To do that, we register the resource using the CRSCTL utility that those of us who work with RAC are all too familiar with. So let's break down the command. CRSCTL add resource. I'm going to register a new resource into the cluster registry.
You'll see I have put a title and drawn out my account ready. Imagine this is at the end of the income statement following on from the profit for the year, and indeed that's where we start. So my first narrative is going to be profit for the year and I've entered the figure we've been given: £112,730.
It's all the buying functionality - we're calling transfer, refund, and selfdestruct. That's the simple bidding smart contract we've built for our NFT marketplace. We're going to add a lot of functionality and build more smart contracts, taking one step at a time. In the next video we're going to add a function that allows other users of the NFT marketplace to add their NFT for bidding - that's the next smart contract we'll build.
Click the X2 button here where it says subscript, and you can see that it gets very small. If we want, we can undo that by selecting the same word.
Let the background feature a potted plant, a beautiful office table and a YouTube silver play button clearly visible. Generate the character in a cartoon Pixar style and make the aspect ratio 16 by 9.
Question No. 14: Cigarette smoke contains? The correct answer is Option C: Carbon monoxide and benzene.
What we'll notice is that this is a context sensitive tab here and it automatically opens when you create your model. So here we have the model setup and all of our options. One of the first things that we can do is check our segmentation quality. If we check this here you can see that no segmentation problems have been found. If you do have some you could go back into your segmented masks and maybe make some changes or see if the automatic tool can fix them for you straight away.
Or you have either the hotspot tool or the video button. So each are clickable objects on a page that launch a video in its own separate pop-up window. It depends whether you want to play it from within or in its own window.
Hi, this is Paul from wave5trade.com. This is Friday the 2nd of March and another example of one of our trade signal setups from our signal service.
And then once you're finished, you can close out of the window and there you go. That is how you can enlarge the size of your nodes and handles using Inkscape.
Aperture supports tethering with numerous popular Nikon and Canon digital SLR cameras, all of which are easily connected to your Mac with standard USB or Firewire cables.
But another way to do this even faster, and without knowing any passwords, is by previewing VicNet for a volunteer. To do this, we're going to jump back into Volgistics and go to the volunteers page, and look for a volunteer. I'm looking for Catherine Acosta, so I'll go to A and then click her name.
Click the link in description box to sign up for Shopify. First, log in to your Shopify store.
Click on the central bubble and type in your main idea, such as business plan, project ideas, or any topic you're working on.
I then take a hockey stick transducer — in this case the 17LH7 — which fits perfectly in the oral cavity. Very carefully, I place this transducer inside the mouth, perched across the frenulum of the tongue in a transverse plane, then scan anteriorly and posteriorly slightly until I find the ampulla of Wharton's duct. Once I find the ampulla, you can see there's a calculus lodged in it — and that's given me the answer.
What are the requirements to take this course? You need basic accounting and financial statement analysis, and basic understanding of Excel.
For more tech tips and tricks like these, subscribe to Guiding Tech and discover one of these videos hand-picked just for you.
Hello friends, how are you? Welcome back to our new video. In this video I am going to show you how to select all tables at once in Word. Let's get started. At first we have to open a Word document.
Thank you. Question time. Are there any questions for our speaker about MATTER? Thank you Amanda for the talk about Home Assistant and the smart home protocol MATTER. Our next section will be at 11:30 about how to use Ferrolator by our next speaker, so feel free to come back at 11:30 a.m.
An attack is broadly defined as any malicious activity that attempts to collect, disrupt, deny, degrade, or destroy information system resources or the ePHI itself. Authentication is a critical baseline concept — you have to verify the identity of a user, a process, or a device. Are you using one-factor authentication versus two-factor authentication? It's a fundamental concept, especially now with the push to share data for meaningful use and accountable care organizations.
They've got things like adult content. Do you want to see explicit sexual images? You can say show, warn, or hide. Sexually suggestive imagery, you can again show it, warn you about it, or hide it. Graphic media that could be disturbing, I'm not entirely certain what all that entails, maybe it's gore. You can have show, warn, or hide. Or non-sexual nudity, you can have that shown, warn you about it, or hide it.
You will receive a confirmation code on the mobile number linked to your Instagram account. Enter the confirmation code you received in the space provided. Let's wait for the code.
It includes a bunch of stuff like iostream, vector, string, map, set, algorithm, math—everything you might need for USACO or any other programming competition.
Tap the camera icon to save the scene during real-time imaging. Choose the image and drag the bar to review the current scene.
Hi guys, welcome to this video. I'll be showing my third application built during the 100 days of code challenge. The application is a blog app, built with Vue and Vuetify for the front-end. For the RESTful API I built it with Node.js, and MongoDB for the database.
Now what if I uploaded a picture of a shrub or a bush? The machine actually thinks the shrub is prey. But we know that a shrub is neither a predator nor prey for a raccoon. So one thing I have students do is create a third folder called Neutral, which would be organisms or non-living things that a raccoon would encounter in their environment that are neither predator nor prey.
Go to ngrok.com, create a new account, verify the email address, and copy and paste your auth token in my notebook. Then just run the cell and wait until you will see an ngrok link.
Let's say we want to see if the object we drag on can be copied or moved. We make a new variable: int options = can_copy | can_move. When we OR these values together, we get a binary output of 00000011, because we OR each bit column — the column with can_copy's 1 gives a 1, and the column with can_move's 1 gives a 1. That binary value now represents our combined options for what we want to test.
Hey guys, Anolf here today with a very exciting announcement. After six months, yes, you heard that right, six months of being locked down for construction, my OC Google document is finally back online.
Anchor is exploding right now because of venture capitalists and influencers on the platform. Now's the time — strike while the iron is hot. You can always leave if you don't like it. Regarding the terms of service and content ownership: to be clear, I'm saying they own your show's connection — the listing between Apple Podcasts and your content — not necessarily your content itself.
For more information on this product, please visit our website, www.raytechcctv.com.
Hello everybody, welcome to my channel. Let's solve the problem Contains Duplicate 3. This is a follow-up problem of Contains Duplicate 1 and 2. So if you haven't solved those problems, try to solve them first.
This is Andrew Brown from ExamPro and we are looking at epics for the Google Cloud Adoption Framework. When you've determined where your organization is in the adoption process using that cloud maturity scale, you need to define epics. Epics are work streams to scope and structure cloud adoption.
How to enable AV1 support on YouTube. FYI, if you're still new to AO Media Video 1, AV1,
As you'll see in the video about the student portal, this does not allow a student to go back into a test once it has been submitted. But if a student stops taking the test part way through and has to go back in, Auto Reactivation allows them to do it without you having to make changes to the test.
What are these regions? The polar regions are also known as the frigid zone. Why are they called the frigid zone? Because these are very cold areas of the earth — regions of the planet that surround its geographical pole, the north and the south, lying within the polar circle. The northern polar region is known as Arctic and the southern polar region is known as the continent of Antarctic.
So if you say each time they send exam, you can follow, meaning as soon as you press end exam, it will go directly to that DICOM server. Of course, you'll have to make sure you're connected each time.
◆ ◆ ◆ ◆ ◆
#### Your task
After reading through the material, report every line that holds "YouTube".

#### Solution
Let the background feature a potted plant, a beautiful office table and a YouTube silver play button clearly visible. Generate the character in a cartoon Pixar style and make the aspect ratio 16 by 9.
How to enable AV1 support on YouTube. FYI, if you're still new to AO Media Video 1, AV1,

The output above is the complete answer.